Thyroid surgery is a definitive treatment option that may be used particularly as an alternative to radioactive iodine during recurrent hyperthyroidism or in uncontrolled hyperthyroidism despite high doses of ATDs. This may also be considered during poorly controlled hyperthyroidism during pregnancy or if there is a suspicion of a coexistent malignant thyroid nodule. Patients with large goiters particularly with compressive symptoms, with poor compliance with ATDs, or with severe ophthalmopathy would also be suitable candidates for a surgical approach. Most surgeons now recommend total or nearly total thyroidectomy rather than subtotal thyroidectomy leaving a few grams of each lobe. A meta-analysis found that thyroidectomy cures hyperthyroidism in more than 90% of cases.[21] Operative mortality these days is rare. However, thyroidectomy is complicated by recurrent laryngeal nerve injury or permanent hypoparathyroidism in 1-2% of patients.[22] Transient hypocalcemia, bleeding, or infections are also potential complications. It results in permanent hypothyroidism in most patients. Surgery is also more costly than therapy with an ATD or radioactive iodine.[23]
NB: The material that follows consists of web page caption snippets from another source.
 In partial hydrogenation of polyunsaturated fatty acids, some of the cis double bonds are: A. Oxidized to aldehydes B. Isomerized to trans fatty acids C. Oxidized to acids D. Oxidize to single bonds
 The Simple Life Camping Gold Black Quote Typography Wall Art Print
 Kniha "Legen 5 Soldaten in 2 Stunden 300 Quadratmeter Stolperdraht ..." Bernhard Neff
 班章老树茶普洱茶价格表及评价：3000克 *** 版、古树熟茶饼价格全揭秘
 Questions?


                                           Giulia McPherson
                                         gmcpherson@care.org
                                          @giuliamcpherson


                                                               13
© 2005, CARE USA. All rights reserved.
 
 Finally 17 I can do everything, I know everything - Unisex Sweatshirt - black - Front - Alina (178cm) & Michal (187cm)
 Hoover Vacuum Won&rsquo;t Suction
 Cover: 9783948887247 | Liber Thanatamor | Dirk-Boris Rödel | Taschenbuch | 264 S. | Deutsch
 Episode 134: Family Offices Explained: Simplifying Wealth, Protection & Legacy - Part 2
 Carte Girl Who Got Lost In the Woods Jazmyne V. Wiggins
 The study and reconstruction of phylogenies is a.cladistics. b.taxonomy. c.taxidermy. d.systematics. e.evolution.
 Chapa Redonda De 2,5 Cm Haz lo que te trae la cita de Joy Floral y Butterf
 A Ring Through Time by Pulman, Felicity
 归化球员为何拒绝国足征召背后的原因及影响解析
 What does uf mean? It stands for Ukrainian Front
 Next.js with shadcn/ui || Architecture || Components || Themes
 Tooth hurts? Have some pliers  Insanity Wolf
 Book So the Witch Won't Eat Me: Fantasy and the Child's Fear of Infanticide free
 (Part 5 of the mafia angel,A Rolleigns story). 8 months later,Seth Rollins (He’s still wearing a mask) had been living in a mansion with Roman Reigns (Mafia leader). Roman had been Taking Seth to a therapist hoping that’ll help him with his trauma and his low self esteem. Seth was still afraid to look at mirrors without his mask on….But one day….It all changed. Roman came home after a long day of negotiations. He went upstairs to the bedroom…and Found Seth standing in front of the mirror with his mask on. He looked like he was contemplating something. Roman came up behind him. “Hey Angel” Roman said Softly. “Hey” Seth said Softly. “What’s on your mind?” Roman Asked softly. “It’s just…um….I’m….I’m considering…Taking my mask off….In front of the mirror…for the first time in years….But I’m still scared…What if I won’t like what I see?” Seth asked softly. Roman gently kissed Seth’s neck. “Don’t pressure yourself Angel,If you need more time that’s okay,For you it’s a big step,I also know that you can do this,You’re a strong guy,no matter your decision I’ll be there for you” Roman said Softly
Recently Sundaresh et al., compared effectiveness of therapies for Graves’ hyperthyroidism in eight studies with 1,402 patients from five continents. Mean follow-up was 57, 64, and 59 months for ATDs, RAI, and surgery, respectively. Network meta-analysis suggested higher relapse rates with ATDs (52.7%, 352/667) than radioactive iodine (15%, 46/304) (odds ratio [OR] 6.25; 95% CI: 2.40-16.67) and with ATDs than surgery (10%, 39/387) (OR 9.09; 95% CI: 4.65-19.23). There was no significant difference in relapse between RAI and surgery. Examination of 31 cohort studies identified adverse effects of ATDs in 692/5,136 (13%) patients. These were more common with MMI, mainly owing to dermatologic complications, while hepatic effects were more common with PTU use. This study concluded that ATDs are associated with relatively high relapse rate in comparison to RAI or surgery, along with a significant side effect profile for these drugs and the current data can help in having informed discussion between physician and patients regarding choice of therapy for Graves’ disease.[24]

To conclude with, we have ample data that addresses the concerns of various treatment modalities in Graves’ disease. In conclusion, the high relapse rate and not so rare fatal side effects seen with ATD therapy compel us to consider other definite modes of treatment for toxic Graves’ disease.